BJP MLA Byrathi Basavaraj with key associates (wearing garlands) who are accused in a murder case in Bengaluru. (File)The legal circumstances for deploying the Karnataka Control of Organised Crime Act (KCOCA), 2000 — a stringent law drafted on the lines of a similar law enacted in 1999 in Maharashtra (and also used in Delhi) to regulate serious organised criminal activities — are once again in the spotlight in a high-profile murder case in Karnataka.
A December 19 decision of the Karnataka High Court to grant a reprieve from KCOCA charges to a BJP MLA from Bengaluru, Byrathi Basavaraj, in the July 15 murder case of a real estate operative in Bengaluru, on the grounds of erroneous invocation of KCOCA by the Karnataka police, has come as a setback to the police on the use of the law to tackle organised crime.
Following the December 19 order of the HC, the Karnataka police have obtained a clearance from the state government to file an appeal in the Supreme Court against the HC order, which has the effect of removing the KCOCA charges against Basavaraj and all other 19 accused persons in the Bikla Shiva murder case as well.
The involvement of organised criminal gangs in terrorist activities in the state of Maharashtra resulted in the legislation of the Maharashtra Control of Organised Crime Act (MCOCA), 1999, by the BJP-Shiv Sena government, which was in power in the state at the time.
The law was adopted almost in its entirety in Karnataka and was legislated during the tenure of a Congress government in 2001 and received presidential assent in December 2001. Incidentally, the MCOCA law was made applicable to the Delhi region in 2002.
Clauses under KCOCA allow police to hold arrested persons in custody for 30 days and in judicial custody for up to 180 days before filing a chargesheet unlike conventional crimes, where police custody is for 15 days and 90 days is the maximum limit a person can be held in judicial custody without filing a chargesheet.
On conviction in an organised crime case, the KCOCA prescribes life imprisonment or death for the main actors in a crime involving murder and up to five years for abettors in the form of conspirators, persons providing shelter and logistics.
In KCOCA cases, bail can be rejected based on prima facie evidence of involvement of a suspect in a crime and statements of confession made before a police officer can be treated as evidence and legal telephone interceptions are given credence.
“The existing penal laws and the adjudicatory system, are not adequate to curb or control the menace of organised crime.

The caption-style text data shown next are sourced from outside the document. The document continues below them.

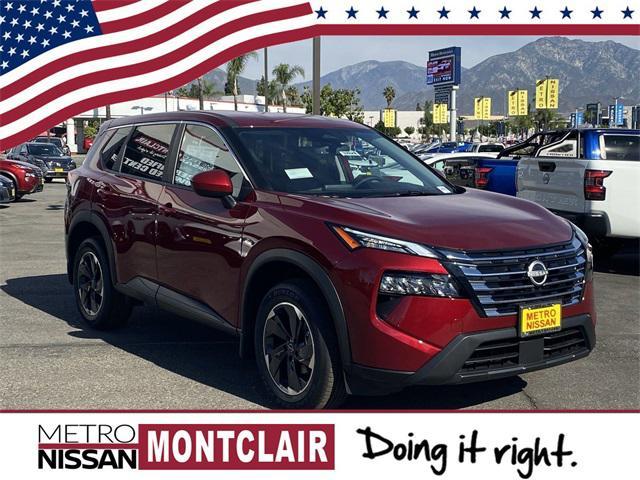 new 2025 Nissan Rogue car, priced at $35,480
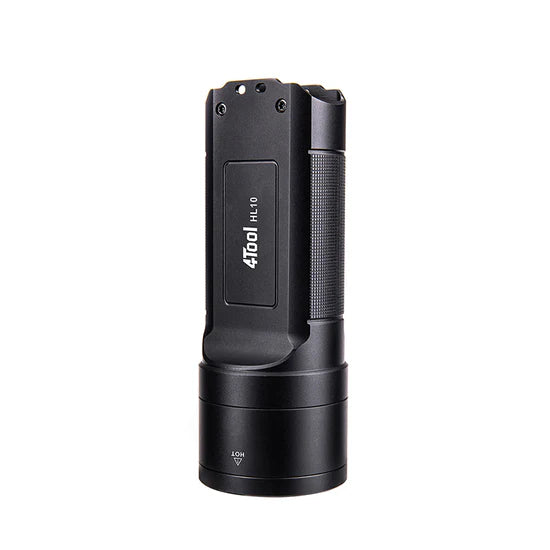 Nextorch HL10 10,000 Lumen Tactical Searchlight | USB‑C Rechargeable, IP67 Rated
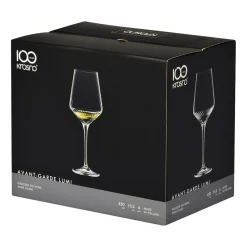 Komplet 6 kieliszków Krosno Avant-Garde Lumi, do wina białego, 450 ml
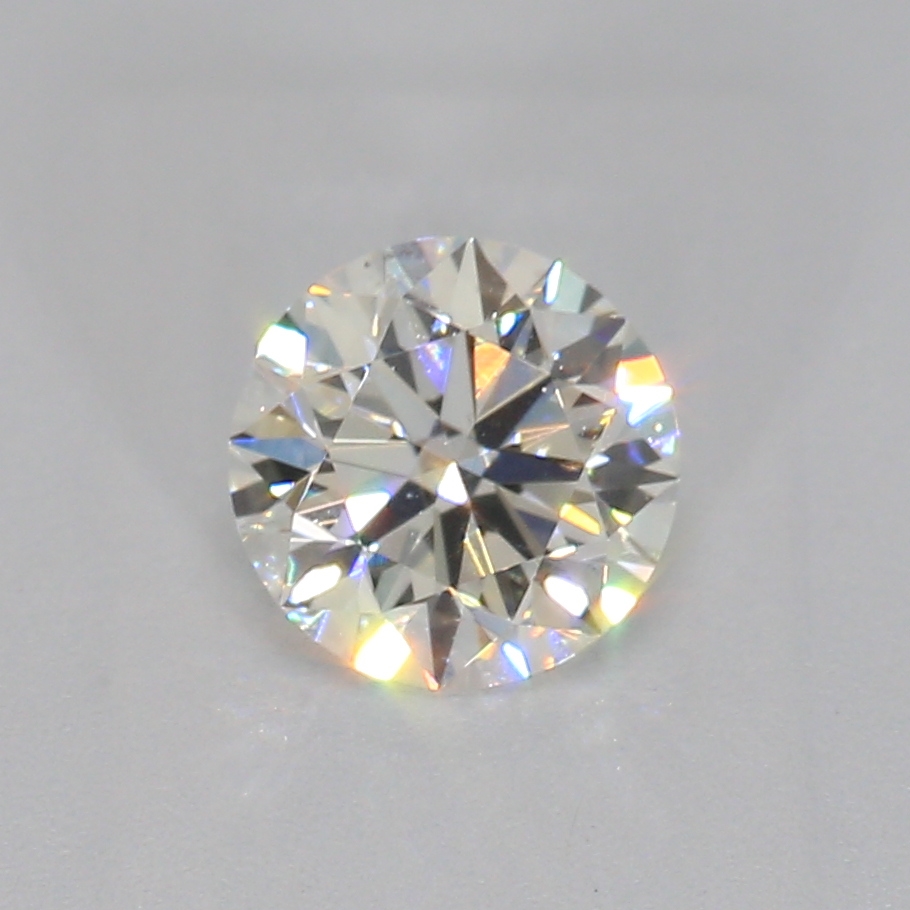 0.50 Carat H SI1 Round Diamond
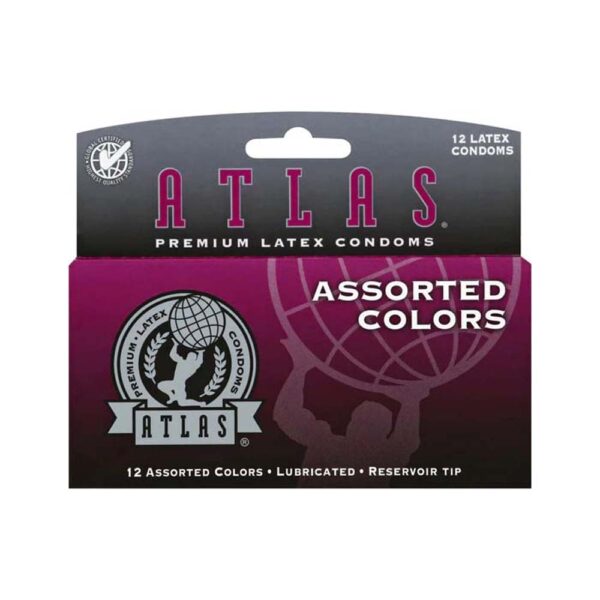 726893101029 Atlas Assorted Colors 12 Pk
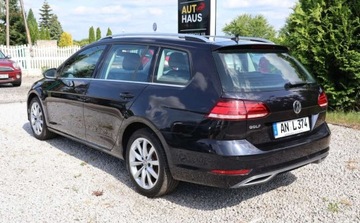 Volkswagen Golf VII Variant Facelifting 1.5 TSI ACT 150KM 2019 Volkswagen Golf Virtual Cockpit, LED, Czujniki, NAVI, Temp, Grzane Fotele,, zdjęcie 4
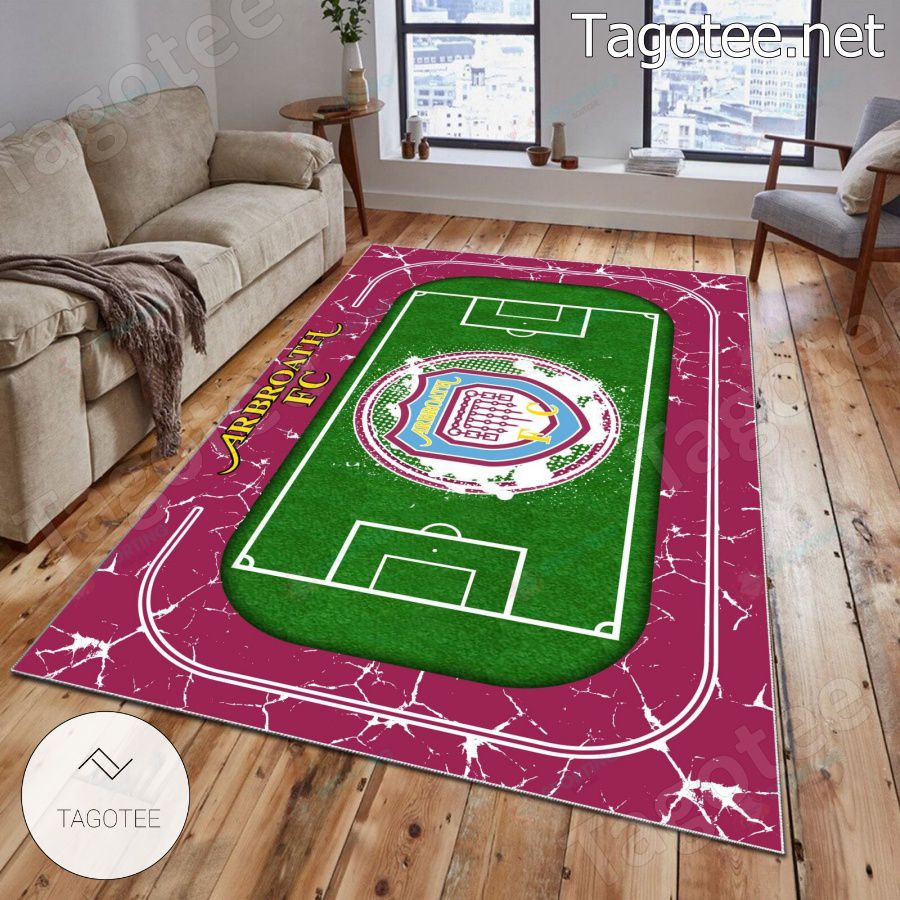 Arbroath F.C. Large Carpet Rugs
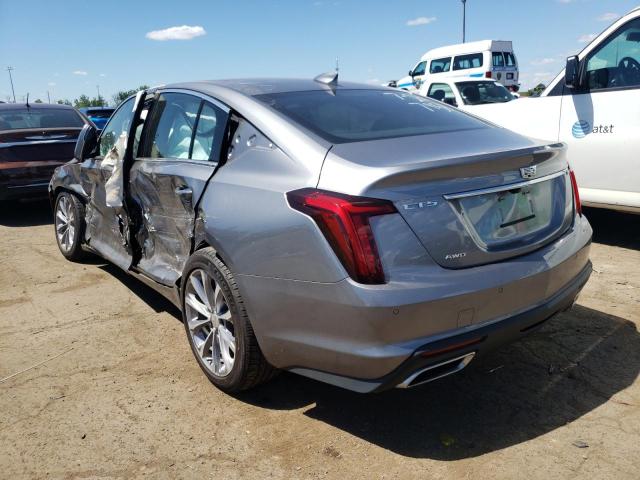 1G6DT5RK8L0127953 - 2020 CADILLAC CT5 PREMIU GRAY photo 3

Therefore, it is considered necessary to enact a law to control the menace of organised crimes in the State,” says the preface to the KCOCA law.
“The illegal wealth generated by organised crime is so huge that after a stage, its perpetrators are trying to interfere with the vital institutions of the state by their money power or through threat or intimidation. In fact, many criminal activities tend to put a question mark on the very existence of the State. The experience in our country as well as in other countries of the world shows that organised criminal syndicates make common cause with terrorist gangs and foster narcoterrorism,” the law states.
What did the Karnataka HC rule?
A single judge Bench of the Karnataka HC ruled on December 19 that the state police had ordered invocation of the KCOCA law on August 12, 2025, against the BJP MLA, and 19 others, in the murder case of a real estate operator V G Shivaprakash alias Bikla Shiva, 44, without evidence of the involvement of at least one of the accused in “continuing unlawful activity”.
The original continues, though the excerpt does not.